As efforts continue with the implementation of the Guyana Utility Scale Solar Photovoltaic Programme (GUYSOL), the country is poised for a transformational leap towards decarbonisation, says the Inter-American Development Bank (IDB).
The financial institution noted on Friday that the GUYSOL programme will invest US$83.3M in eight utility-scale, photovoltaic solar projects totaling 33MWp with associated 34MWh energy storage systems distributed across three areas in the country. Specifically, it will invest in 10MWp in the Berbice area, 8MWp project in the Essequibo system with a minimum of 12MWh battery storage, and a 15MWp plant connected to the Linden system, with a minimum of 22MWh battery storage.
The IDB stressed that these eight projects will contribute to avoiding CO2 emissions, lowering electricity cost generation, and supporting a substantial transition to generation based on renewable energy sources.

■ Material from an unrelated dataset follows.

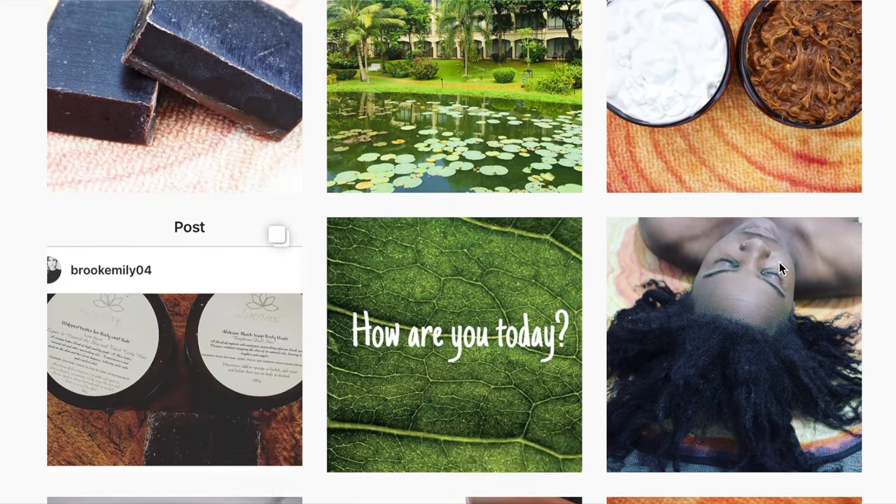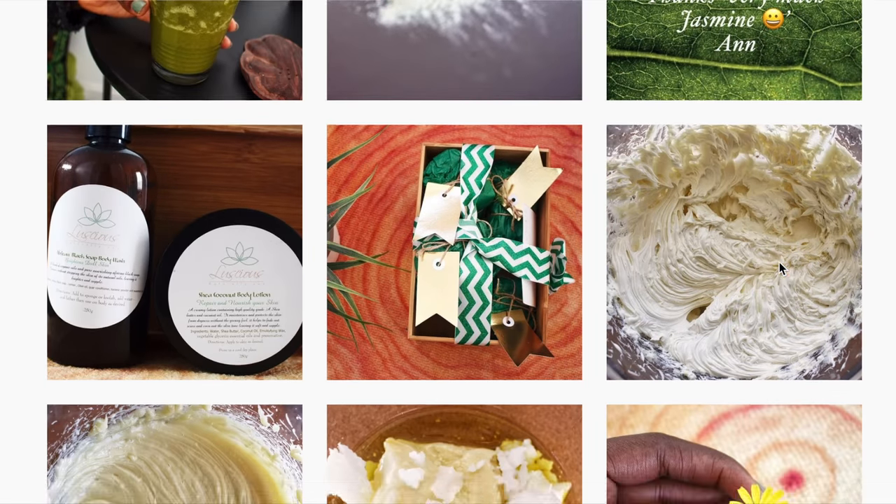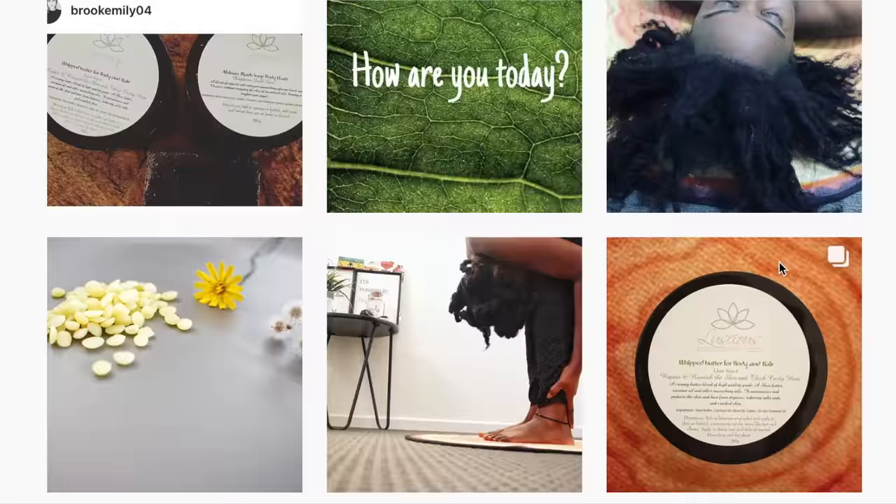Don't forget to follow me on Instagram at Lash Your Skin and Hair for regular updates. Give this video a thumbs up, subscribe, and I'll see you in my next one. Thanks for watching, bye!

By 2025, the IDB said more than 265,000 customers within the Demerara-Berbice Interconnected System and Linden and Essequibo systems will benefit from reinforced reliability of electricity supply.
Furthermore, the IDB said the programme will support a step-change with respect to digitalisation of Essequibo and Linden electrical systems, moving them from manual systems towards real-time, automated monitoring and control, improving efficiency, reliability, and stability.
The bank was keen to note that this operation is in line with its Vision 2025 – Reinvesting in the Americas: A Decade of Opportunities, which was created to achieve recovery and inclusive growth in Latin America and the Caribbean, in the areas of digital economy, gender and inclusion, and climate change.
The programme which is in line with Guyana’s Low Carbon Development Strategy (LCDS) will also ensure the Guyana Power and Light Inc. (GPL) and the Linden Electricity Company Inc. (LECI) benefit from the use of solar photovoltaic technology that will displace significant amounts of fossil fuels and reduce generation costs.
Considering the foregoing impacts, the financial institution said the country through GUYSOL will “make a transformational leap towards decarbonisation by expediting climate-resilient renewable energy in the electricity generation matrix.”
Such an achievement is what the Guyana REDD+ Investment Fund was established for, with the help of the Norwegian Agency for Development Cooperation (NORAD). Guyana has earned in excess of US$200 million through the exceptional stewardship of its forests.
The South American country is aiming for a total of 39MW of solar capacity in the next three years. Head of the energy agency, Dr. Mahendra Sharma told OilNOW in April that three years from now, Guyana will have 14 solar farms and 28 solar mini grids with an accumulated installed capacity of 39 megawatts (MW).
Guyana intends to continue to monetise its forest endowment through the sale of carbon credits. It plans to use the proceeds from the sale of its carbon credits to fund LCDS initiatives, just as the funds it received from Norway over the years, were and continue to be used to fund low carbon development objectives.